What this task involves -> In the records below, the relevant part opens with the line containing "Water. Of the" and closes with the line containing "Tip number one: configure"; print that part exactly and only, without its pictures.

Records provided ->
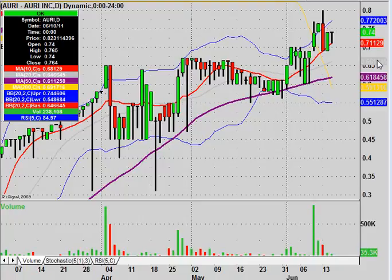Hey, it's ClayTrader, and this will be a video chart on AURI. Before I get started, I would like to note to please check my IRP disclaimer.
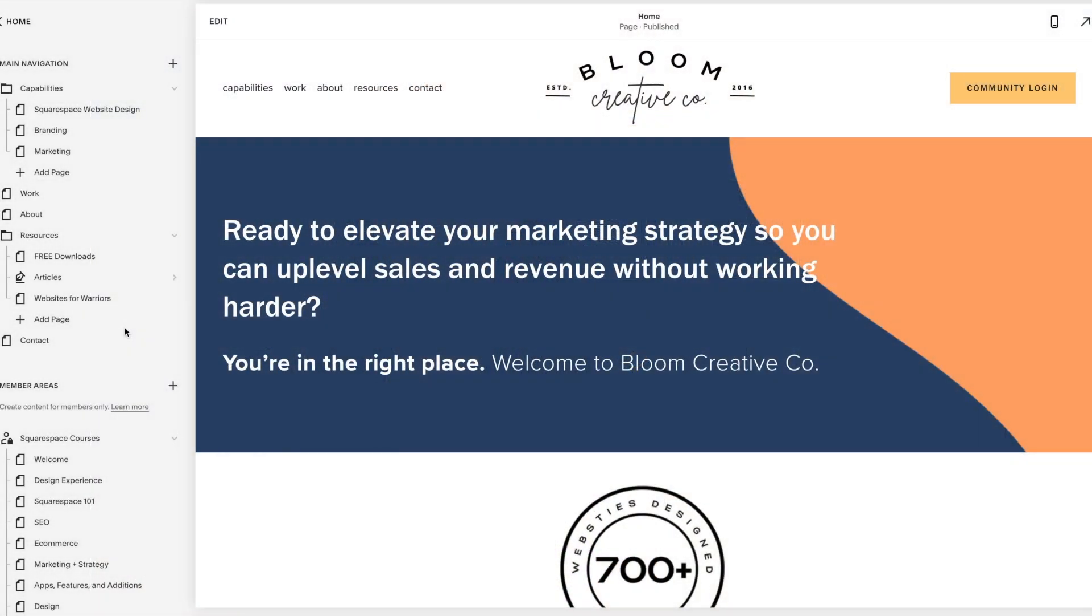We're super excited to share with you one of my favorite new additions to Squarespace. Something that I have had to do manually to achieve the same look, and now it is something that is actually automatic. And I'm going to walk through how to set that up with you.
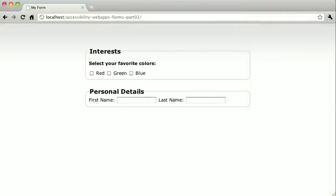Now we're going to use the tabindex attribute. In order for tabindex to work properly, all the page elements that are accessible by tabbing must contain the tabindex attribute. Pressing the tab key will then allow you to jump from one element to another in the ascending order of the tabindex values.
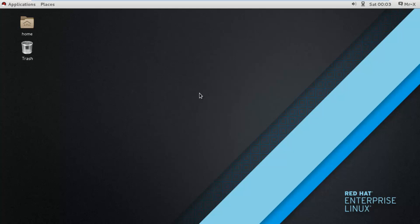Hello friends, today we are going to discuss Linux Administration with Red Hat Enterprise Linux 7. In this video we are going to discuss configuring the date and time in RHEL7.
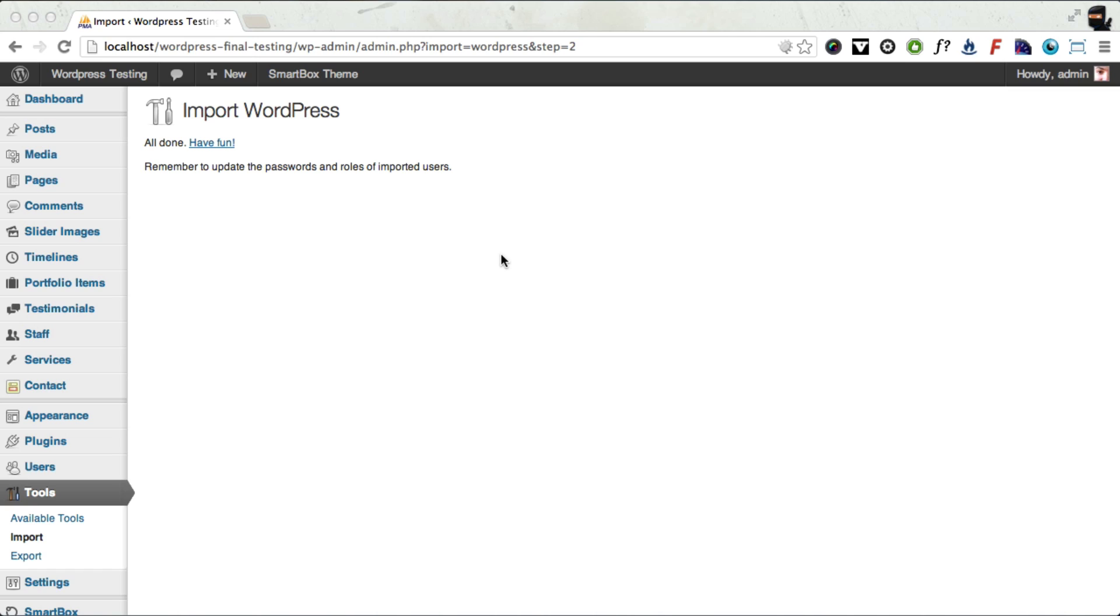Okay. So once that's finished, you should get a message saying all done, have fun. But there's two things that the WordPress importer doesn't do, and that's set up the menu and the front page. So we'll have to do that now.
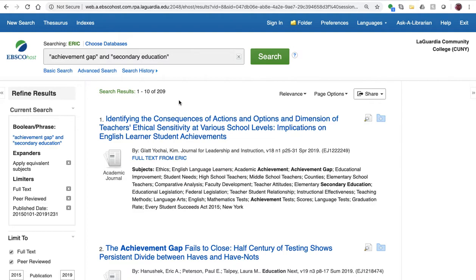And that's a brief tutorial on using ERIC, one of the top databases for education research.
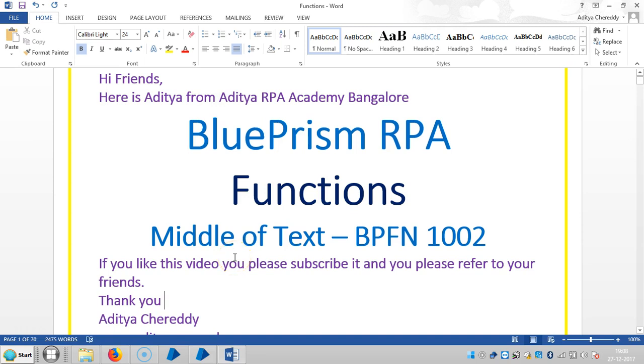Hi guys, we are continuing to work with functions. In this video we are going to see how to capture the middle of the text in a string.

* * *

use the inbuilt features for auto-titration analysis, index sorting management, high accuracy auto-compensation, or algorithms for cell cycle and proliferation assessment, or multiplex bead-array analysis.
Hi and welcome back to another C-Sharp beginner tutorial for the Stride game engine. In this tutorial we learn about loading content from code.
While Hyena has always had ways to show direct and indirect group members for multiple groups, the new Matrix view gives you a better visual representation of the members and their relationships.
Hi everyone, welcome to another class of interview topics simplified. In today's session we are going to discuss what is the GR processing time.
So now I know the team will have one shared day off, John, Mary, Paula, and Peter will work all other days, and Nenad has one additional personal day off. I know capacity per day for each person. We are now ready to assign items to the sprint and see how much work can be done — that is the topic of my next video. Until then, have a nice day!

==

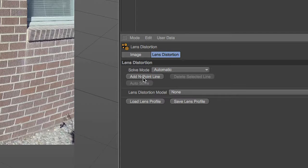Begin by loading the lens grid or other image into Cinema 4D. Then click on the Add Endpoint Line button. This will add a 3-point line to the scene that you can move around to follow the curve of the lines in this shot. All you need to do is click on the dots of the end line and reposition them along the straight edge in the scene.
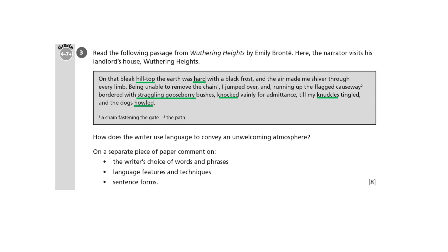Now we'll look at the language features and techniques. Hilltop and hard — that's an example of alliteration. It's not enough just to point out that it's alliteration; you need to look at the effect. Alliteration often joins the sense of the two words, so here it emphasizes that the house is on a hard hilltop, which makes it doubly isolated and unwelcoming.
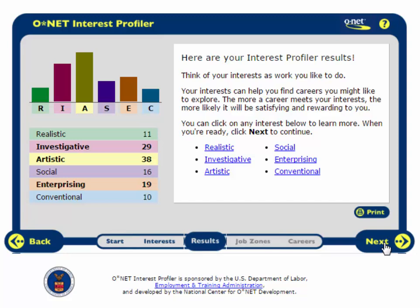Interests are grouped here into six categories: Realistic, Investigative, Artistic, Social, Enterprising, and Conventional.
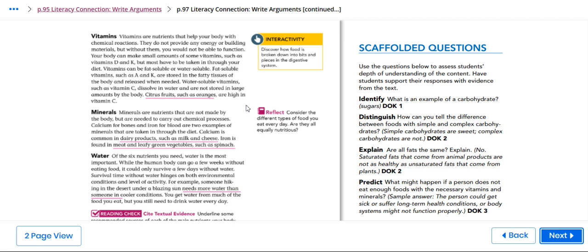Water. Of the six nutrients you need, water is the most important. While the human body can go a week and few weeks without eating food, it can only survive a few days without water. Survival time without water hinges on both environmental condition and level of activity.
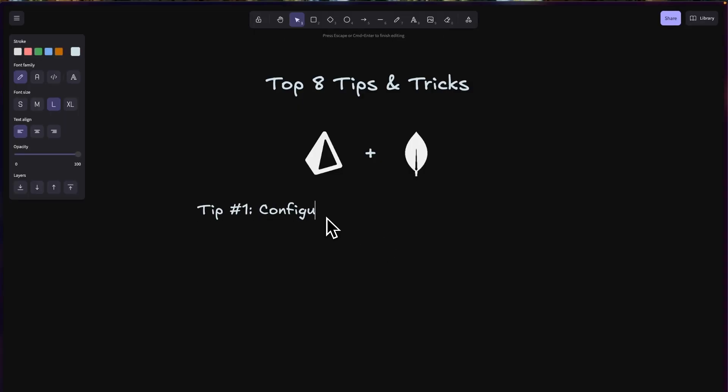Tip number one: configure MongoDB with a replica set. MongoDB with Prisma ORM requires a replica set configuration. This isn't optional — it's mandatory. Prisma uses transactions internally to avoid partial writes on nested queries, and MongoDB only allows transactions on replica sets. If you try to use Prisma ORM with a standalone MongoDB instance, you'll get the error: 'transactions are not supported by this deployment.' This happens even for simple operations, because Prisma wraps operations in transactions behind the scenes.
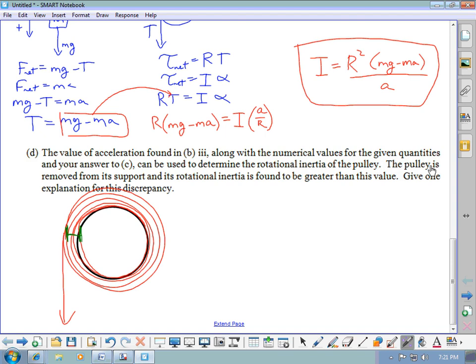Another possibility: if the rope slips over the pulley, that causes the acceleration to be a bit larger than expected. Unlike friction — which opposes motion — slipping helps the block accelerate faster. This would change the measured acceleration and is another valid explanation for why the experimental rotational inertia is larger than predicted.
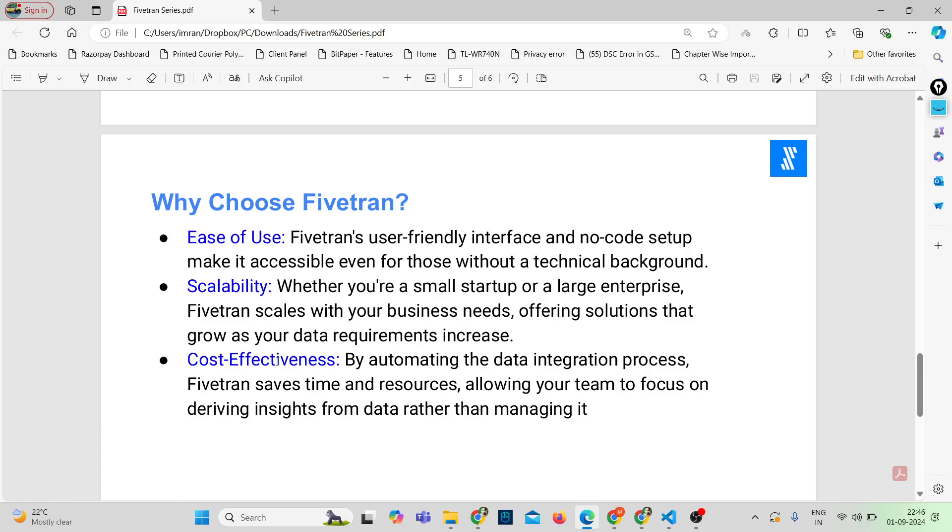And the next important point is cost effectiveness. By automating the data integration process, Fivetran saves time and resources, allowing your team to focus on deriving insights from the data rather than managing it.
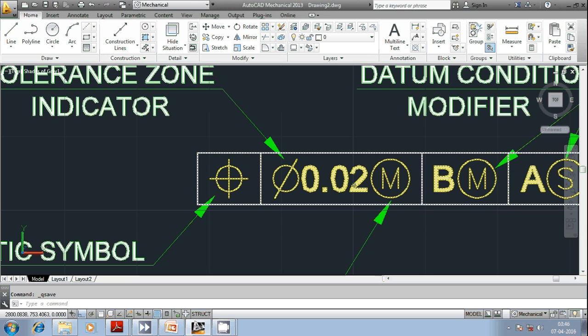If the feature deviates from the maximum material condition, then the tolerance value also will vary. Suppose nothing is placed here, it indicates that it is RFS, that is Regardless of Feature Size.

Solution to this problem ->
Water. Of the six nutrients you need, water is the most important. While the human body can go a week and few weeks without eating food, it can only survive a few days without water. Survival time without water hinges on both environmental condition and level of activity.
Tip number one: configure MongoDB with a replica set. MongoDB with Prisma ORM requires a replica set configuration. This isn't optional — it's mandatory. Prisma uses transactions internally to avoid partial writes on nested queries, and MongoDB only allows transactions on replica sets. If you try to use Prisma ORM with a standalone MongoDB instance, you'll get the error: 'transactions are not supported by this deployment.' This happens even for simple operations, because Prisma wraps operations in transactions behind the scenes.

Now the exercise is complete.